Organization in Chennai, Tamil Nadu

The Madras Youth Choir, based in Chennai, India, is a non-profit, voluntary organization, is the brainchild of the late composer and pioneer of Indian Choral Music, Shri. M. B. Sreenivasan. It was founded in 1971 and is one of the oldest choirs of its kind in India, after the Calcutta Youth Choir founded in 1958. It is presently led by Shri. P._C._Ramakrishna, a veteran theatre actor and voice artist based in Chennai, India. The Secretary and other senior members are dedicated to the cause of spreading the movement of this genre of music. In 2024 The Madras Youth Choir was renamed in the memory of M. B. Sreenivasan as the Madras MBS Choir (MMC)

== Overview ==
India has had a long and rich history of group singing but the western style choir with harmonic arrangements were confined to the churches until M. B. Sreenivasan (MBS) arrived in the scene. MBS introduced the people's choral music to create a mass musical movement. He believed that music should be a tool for social change and national integration.

The Madras Youth Choir consists of choristers from soprano to bass, practicing a variety of songs based on Indian classical and folk music idioms adapting western harmonic arrangements. The Madras Youth Choir is a recipient of an annual grant from the Sangeet Natak Akademi for its Community Singing Programme. Its significant repertoire consists of themes such as national integration, environment, children, social values and the awakening of youth. The choir sings in as many as ten languages and takes the songs of national poets to schools to train children to perform at special occasions.
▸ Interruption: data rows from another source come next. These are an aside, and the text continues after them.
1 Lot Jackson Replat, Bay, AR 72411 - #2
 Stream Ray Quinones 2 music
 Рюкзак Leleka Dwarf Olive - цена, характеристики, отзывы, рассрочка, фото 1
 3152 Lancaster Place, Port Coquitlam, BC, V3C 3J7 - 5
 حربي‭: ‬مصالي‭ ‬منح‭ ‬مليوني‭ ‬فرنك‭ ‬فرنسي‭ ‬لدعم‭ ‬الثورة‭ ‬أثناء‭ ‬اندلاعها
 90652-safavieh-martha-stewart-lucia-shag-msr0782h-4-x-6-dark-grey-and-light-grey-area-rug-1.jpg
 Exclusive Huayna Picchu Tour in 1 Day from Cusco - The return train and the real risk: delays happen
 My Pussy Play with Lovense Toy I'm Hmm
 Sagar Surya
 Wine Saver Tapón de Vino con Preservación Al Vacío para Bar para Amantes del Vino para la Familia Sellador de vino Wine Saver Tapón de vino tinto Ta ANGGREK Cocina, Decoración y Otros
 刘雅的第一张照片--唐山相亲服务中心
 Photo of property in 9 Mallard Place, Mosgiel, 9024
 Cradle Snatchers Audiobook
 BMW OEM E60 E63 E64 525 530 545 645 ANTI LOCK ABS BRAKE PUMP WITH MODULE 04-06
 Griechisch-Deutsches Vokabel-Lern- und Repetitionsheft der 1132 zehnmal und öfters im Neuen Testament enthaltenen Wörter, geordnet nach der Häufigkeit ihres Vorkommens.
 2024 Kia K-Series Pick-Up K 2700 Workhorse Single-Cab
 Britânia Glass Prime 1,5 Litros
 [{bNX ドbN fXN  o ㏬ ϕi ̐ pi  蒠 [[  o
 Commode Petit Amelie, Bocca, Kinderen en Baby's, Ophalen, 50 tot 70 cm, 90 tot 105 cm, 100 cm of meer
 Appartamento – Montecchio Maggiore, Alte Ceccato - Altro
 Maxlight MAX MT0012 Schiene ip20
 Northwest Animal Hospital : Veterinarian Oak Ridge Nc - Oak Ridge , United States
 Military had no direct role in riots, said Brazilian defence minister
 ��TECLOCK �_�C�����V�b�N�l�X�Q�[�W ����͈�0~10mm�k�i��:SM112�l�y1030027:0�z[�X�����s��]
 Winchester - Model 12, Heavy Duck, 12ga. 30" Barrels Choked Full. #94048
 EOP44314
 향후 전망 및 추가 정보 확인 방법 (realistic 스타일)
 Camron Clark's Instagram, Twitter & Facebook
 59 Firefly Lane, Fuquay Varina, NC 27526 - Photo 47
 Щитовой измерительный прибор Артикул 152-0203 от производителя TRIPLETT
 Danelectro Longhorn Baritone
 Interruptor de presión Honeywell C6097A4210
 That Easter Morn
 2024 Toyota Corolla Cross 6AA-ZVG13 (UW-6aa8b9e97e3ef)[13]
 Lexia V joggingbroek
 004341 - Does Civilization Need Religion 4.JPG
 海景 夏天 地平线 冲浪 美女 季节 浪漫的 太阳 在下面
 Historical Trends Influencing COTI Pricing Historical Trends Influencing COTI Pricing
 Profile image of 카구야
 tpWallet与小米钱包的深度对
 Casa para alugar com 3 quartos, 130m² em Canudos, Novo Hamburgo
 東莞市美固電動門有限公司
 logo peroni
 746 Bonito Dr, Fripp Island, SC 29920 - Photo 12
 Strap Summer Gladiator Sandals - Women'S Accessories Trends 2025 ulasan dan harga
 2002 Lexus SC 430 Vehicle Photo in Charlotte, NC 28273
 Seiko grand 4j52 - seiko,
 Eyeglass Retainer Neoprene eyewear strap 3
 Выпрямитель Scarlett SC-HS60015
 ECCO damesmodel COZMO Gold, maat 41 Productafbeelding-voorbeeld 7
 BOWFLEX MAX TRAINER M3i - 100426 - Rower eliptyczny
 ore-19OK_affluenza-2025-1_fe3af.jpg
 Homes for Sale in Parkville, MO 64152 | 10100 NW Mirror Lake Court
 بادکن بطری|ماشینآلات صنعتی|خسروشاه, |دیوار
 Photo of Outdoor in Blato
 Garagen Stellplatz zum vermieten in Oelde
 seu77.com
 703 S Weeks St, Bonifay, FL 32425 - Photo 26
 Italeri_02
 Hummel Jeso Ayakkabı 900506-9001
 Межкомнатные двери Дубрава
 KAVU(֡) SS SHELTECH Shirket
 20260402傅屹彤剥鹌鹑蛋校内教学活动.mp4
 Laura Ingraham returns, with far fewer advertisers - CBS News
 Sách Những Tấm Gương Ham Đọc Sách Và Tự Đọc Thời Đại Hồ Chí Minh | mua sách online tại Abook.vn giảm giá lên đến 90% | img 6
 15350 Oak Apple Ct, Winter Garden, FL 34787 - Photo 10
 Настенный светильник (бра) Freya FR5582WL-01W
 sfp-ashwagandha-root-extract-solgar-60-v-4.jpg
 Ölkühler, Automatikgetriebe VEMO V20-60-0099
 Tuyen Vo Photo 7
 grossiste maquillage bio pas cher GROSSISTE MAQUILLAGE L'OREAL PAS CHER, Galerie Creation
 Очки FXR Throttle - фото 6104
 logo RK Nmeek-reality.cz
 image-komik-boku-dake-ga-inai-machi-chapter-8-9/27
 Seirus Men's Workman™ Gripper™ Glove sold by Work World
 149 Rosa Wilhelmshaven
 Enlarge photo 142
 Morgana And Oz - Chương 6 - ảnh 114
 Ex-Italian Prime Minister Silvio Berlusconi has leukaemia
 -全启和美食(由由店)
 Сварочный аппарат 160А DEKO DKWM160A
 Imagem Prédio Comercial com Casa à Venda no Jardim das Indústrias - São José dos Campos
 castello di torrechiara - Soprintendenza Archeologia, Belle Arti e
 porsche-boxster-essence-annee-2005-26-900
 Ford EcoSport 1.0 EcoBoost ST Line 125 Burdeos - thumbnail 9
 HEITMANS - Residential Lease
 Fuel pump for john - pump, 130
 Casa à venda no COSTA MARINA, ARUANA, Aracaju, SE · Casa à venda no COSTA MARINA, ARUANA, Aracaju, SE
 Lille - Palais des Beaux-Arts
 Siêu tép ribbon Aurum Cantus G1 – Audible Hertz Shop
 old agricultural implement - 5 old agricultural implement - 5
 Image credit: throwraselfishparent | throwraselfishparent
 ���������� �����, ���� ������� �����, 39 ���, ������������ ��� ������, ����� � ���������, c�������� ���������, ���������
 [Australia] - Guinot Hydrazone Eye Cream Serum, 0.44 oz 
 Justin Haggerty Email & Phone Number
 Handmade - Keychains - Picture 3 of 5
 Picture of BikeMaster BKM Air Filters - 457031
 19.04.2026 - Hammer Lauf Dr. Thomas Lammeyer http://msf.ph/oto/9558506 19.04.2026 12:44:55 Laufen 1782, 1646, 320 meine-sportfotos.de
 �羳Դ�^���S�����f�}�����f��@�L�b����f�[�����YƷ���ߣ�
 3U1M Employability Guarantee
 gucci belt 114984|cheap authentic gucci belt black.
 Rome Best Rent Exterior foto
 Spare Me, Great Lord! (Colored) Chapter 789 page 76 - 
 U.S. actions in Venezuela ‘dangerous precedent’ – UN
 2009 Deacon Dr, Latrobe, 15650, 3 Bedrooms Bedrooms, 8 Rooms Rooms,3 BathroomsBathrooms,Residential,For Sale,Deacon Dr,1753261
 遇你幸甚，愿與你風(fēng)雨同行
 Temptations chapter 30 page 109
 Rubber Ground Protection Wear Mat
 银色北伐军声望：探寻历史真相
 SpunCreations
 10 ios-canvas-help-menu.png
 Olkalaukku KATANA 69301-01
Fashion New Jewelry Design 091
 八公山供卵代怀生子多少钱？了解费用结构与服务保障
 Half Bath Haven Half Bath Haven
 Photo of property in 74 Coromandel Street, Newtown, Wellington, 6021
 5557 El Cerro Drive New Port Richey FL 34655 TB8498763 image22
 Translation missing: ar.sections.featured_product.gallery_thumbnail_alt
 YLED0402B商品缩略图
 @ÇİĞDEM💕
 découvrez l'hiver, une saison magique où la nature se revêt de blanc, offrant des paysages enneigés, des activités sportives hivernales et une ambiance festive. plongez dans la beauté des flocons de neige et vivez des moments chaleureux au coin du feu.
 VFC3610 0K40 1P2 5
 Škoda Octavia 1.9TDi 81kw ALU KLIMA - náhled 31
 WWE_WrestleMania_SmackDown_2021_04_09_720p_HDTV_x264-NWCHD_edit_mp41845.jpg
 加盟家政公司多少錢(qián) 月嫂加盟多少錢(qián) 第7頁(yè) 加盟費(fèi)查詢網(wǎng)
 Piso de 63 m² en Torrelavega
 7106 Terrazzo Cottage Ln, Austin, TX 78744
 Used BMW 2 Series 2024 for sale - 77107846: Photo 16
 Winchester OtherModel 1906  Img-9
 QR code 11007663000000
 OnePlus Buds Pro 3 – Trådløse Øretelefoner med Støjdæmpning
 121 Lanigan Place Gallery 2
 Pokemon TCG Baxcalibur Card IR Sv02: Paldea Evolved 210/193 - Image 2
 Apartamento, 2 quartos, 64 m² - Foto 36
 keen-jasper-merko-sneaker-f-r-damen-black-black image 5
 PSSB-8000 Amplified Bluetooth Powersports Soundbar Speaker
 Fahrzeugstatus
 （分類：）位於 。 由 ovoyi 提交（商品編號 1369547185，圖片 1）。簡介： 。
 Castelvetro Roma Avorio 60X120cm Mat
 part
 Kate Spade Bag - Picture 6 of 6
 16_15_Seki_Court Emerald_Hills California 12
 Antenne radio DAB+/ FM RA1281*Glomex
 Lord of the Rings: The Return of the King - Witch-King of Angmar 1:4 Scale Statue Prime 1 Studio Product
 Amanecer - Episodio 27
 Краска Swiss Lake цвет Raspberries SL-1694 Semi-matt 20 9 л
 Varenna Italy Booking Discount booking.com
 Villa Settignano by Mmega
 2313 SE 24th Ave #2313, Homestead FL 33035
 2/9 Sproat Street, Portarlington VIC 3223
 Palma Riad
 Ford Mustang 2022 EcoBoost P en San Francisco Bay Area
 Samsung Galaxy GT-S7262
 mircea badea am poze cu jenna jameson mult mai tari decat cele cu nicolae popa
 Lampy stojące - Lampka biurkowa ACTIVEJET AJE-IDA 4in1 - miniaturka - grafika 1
The Choir has been recognized as a reputed organization and has been called upon to perform in various places all over India, independently and along with regional youth choirs, as well as for Doordharshan and All India Radio. The Choir has also performed at Delhi under the auspices of Sangeet Natak Akademi on many occasions. Many corporate organizations, banks, private and voluntary institutions, continue to invite the Choir to perform for their special functions.

== Work ==
MYC has released a twin album CD "Pallupaduvomey" hoping it will bring the choir to the limelight. The Choir is taking efforts to convey the greatness of MBS’s music in tangible terms to the public, with the belief that once people are given the chance to appreciate the music in authentic terms, they will flock to it.

MYC conducts workshops at regular intervals to create an awareness of this genre of music and also initiate those who may become interested in choral music once they got to know it better.

MYC has preserved the verdant choral pieces of Shri. M. B. Sreenivasan after his death.

MYC has now extended its activities to forming a Junior Group as well as a sub-junior group. Efforts are being made to also form a college choir drawing youth from various city colleges, who would be trained in this musical genre.